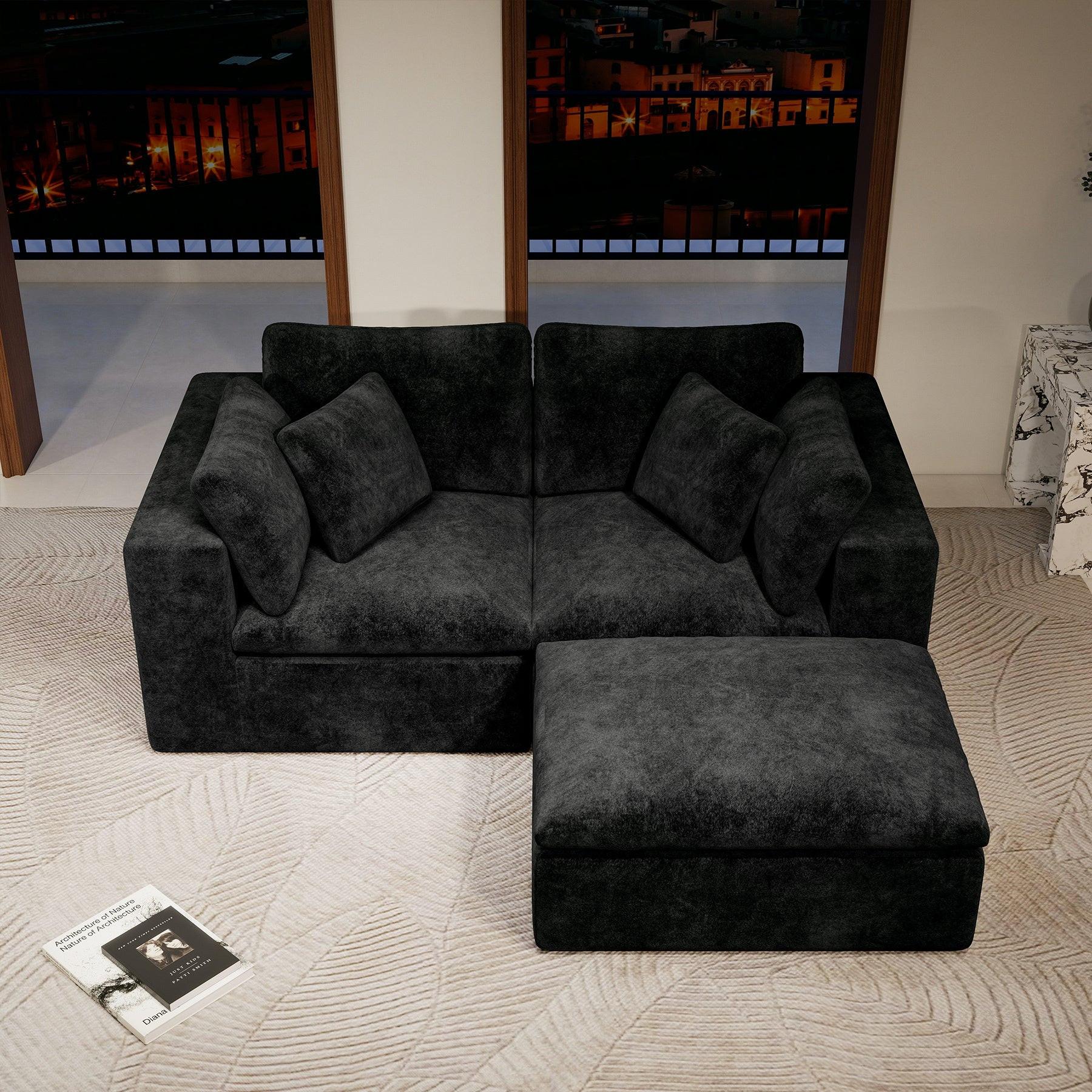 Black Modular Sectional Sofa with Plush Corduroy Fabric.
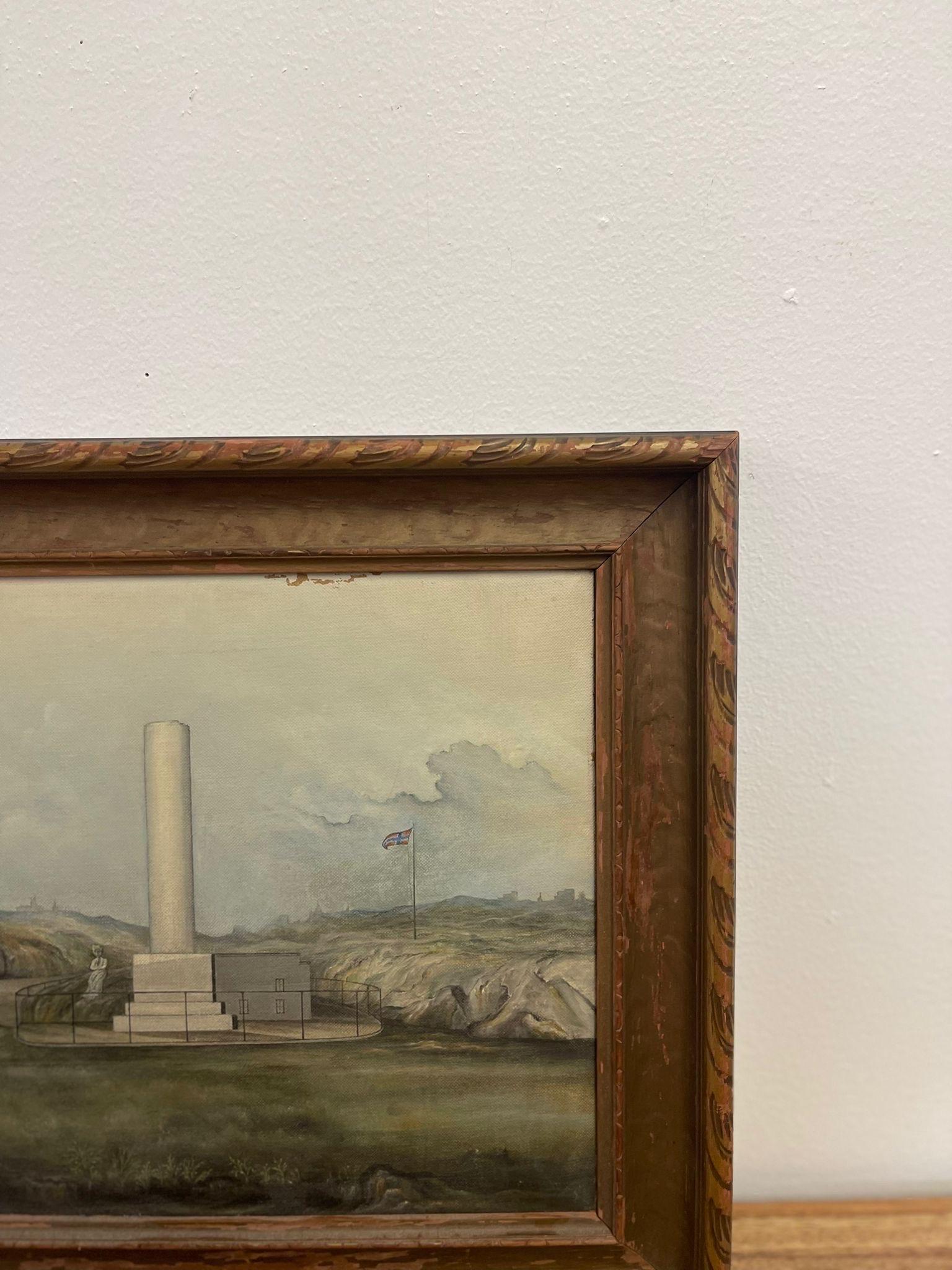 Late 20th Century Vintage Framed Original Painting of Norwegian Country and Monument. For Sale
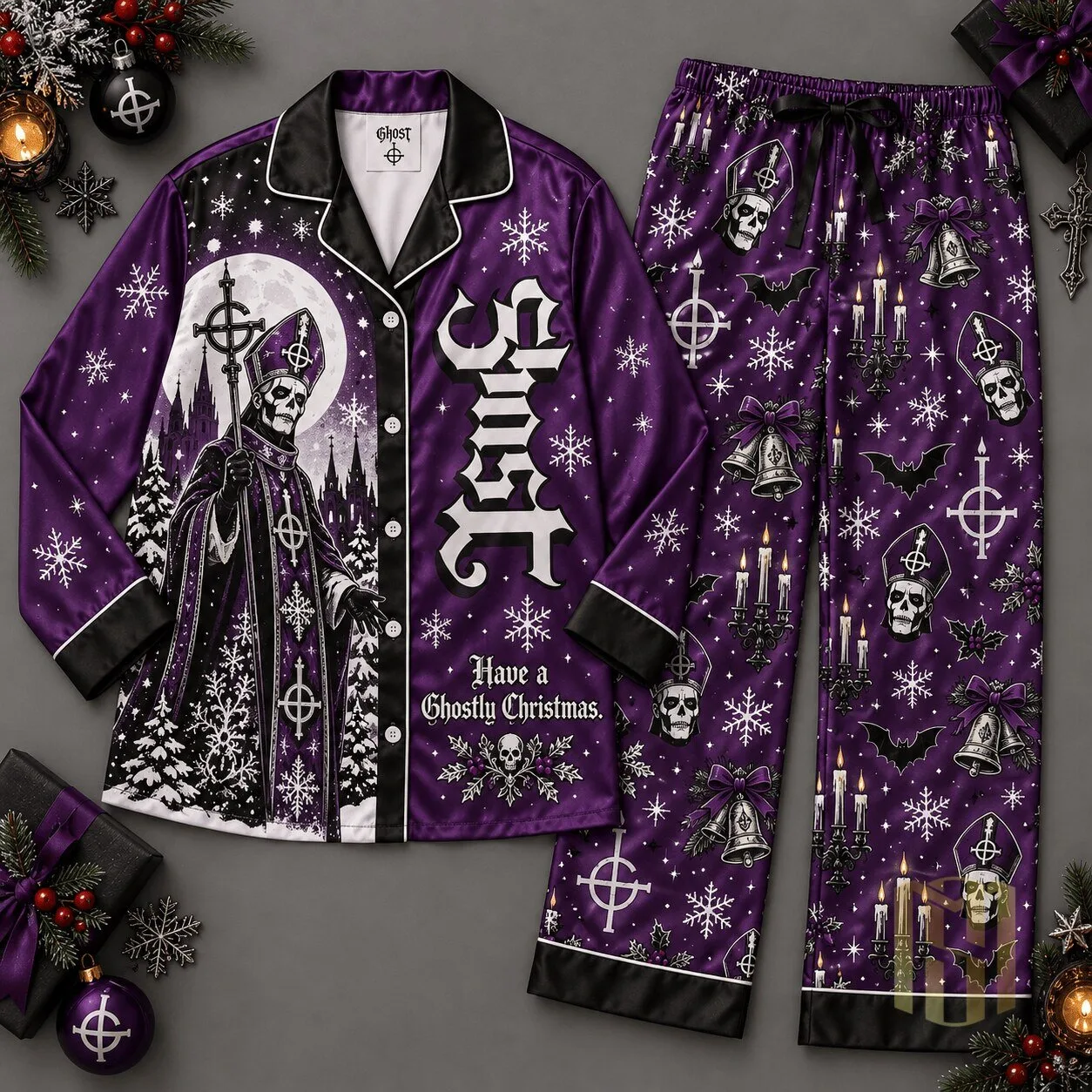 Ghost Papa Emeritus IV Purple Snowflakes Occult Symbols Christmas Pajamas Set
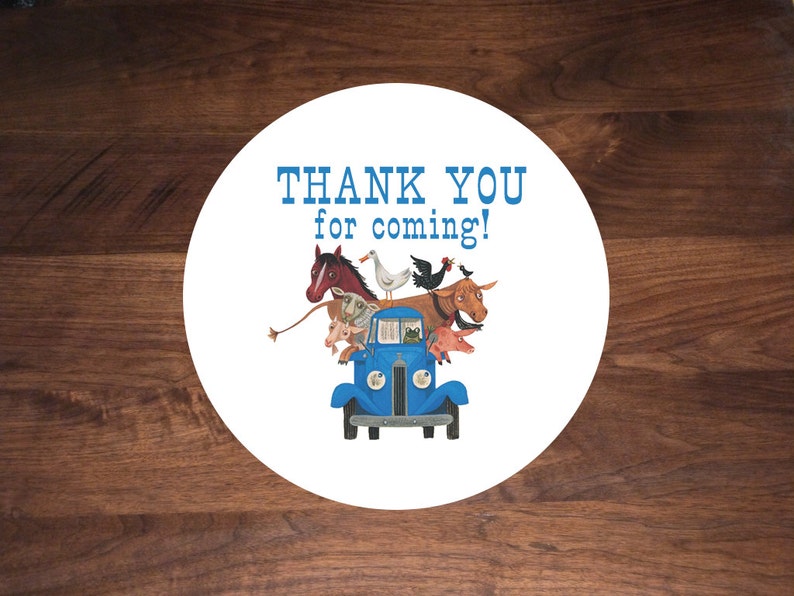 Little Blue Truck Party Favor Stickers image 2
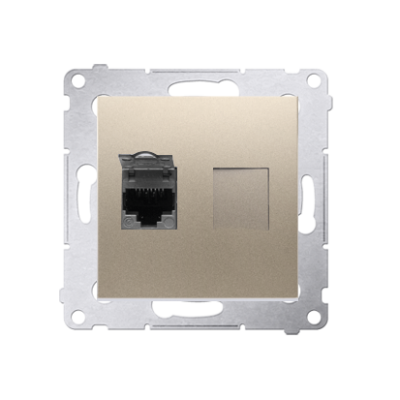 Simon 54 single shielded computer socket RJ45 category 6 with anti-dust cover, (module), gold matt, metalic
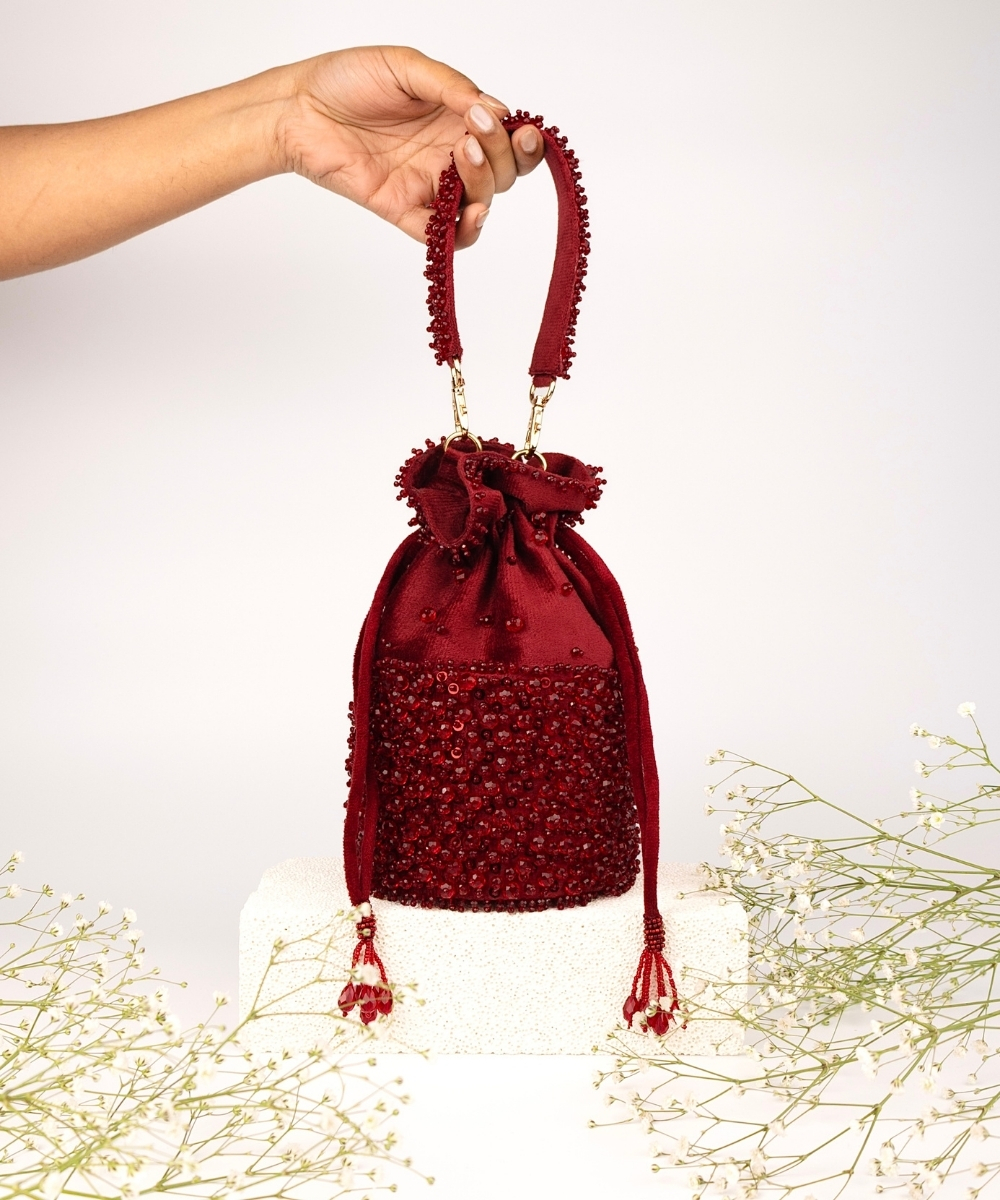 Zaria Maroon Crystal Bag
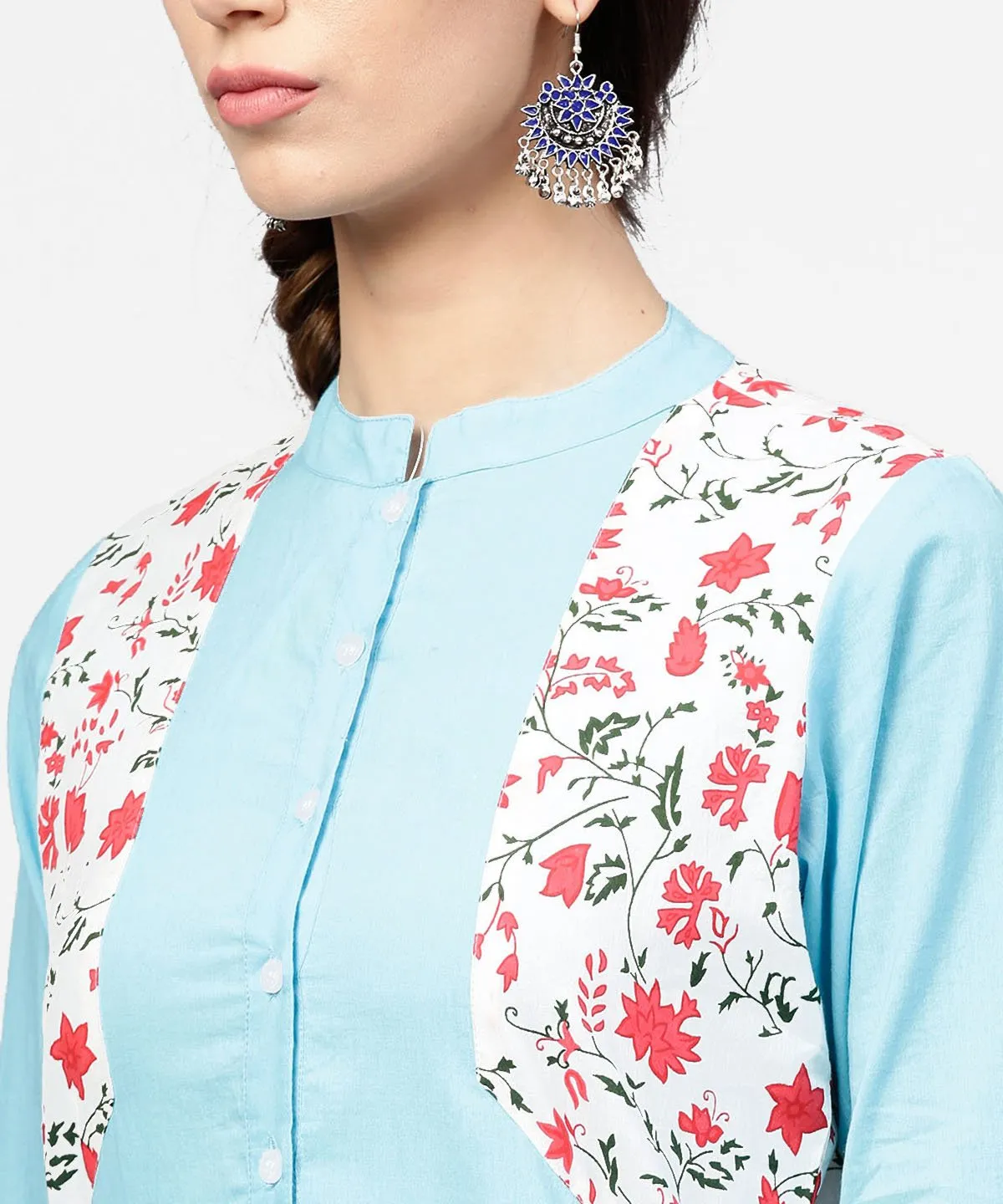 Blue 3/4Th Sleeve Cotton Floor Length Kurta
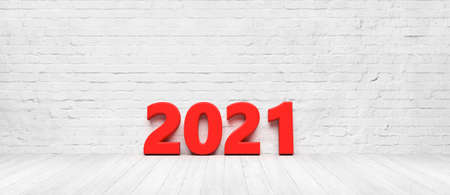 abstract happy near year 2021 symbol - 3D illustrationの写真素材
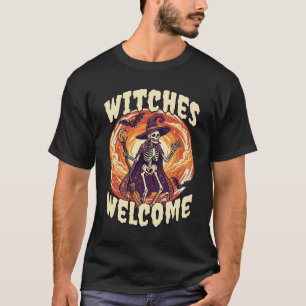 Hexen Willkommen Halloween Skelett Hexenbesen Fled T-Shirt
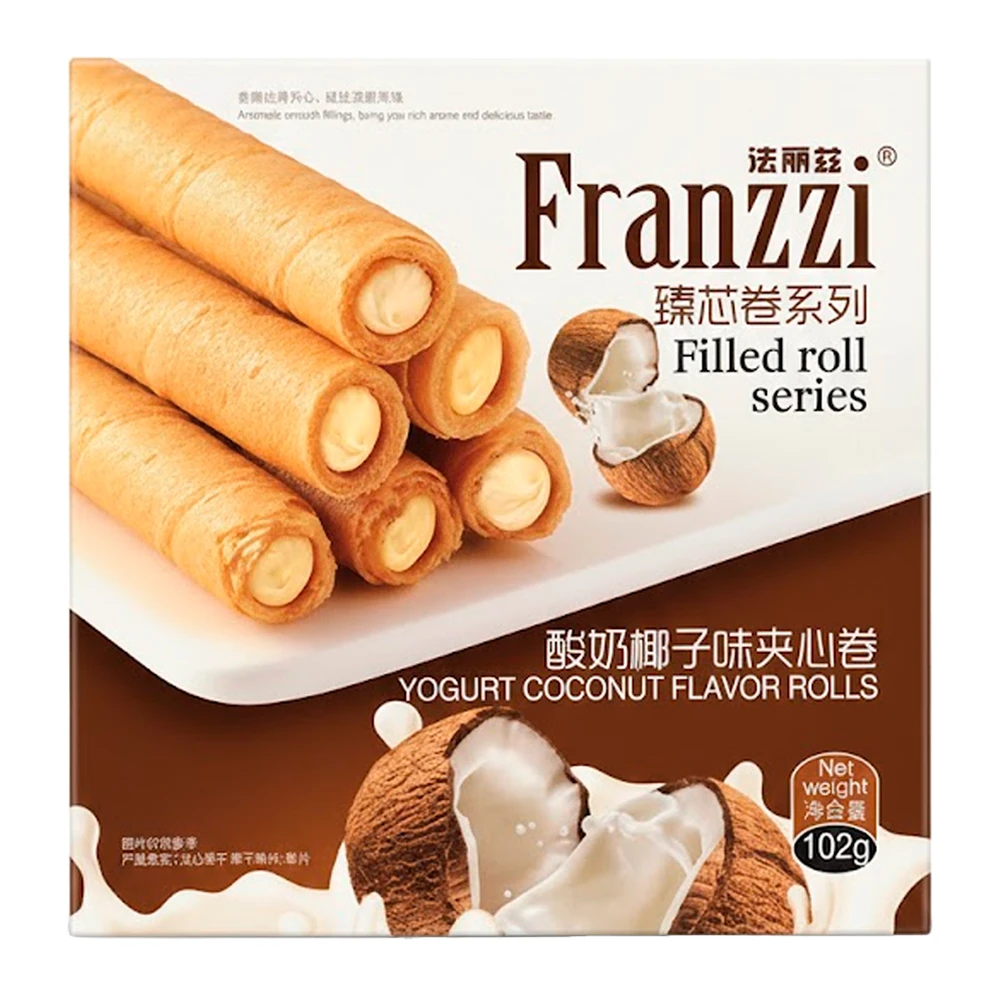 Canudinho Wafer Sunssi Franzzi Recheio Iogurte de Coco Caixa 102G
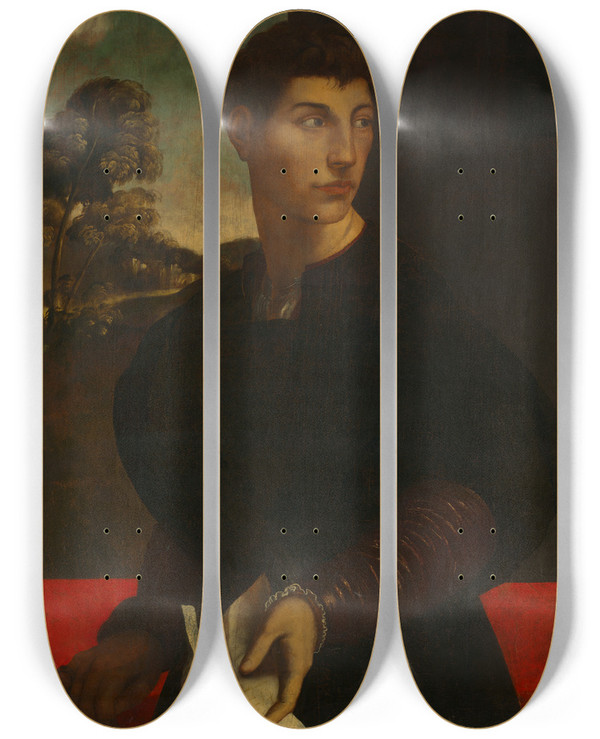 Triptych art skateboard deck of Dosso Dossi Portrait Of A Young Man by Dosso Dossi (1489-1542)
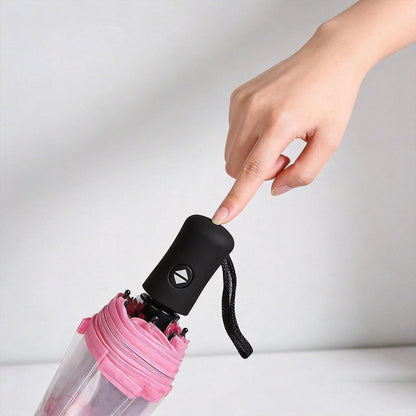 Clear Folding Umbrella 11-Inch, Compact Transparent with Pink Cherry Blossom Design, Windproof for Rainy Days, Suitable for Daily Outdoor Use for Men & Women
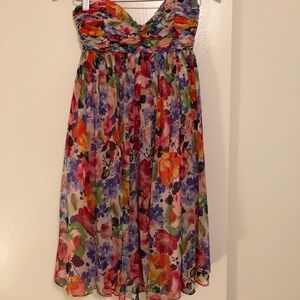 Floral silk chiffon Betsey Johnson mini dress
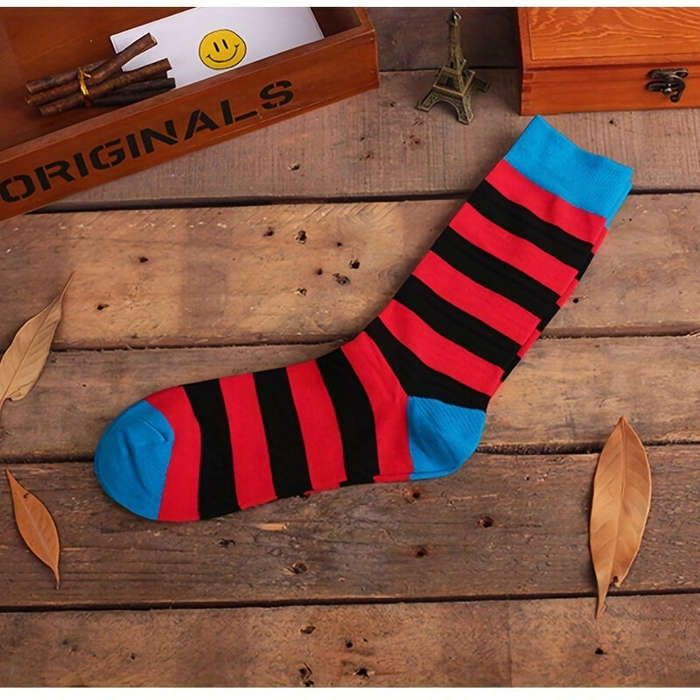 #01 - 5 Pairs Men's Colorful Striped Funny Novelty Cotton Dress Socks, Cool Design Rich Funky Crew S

▶ **PROMPT**
A faithful copy of all the records is required, with the pictures left out.

▶ **RESULT OF THIS TASK**
 Black Modular Sectional Sofa with Plush Corduroy Fabric.
 Late 20th Century Vintage Framed Original Painting of Norwegian Country and Monument. For Sale
 Ghost Papa Emeritus IV Purple Snowflakes Occult Symbols Christmas Pajamas Set
 Little Blue Truck Party Favor Stickers image 2
 Simon 54 single shielded computer socket RJ45 category 6 with anti-dust cover, (module), gold matt, metalic
 Zaria Maroon Crystal Bag
 Blue 3/4Th Sleeve Cotton Floor Length Kurta
 abstract happy near year 2021 symbol - 3D illustrationの写真素材
 Hexen Willkommen Halloween Skelett Hexenbesen Fled T-Shirt
 Canudinho Wafer Sunssi Franzzi Recheio Iogurte de Coco Caixa 102G
 Triptych art skateboard deck of Dosso Dossi Portrait Of A Young Man by Dosso Dossi (1489-1542)
 Clear Folding Umbrella 11-Inch, Compact Transparent with Pink Cherry Blossom Design, Windproof for Rainy Days, Suitable for Daily Outdoor Use for Men & Women
 Floral silk chiffon Betsey Johnson mini dress
 #01 - 5 Pairs Men's Colorful Striped Funny Novelty Cotton Dress Socks, Cool Design Rich Funky Crew S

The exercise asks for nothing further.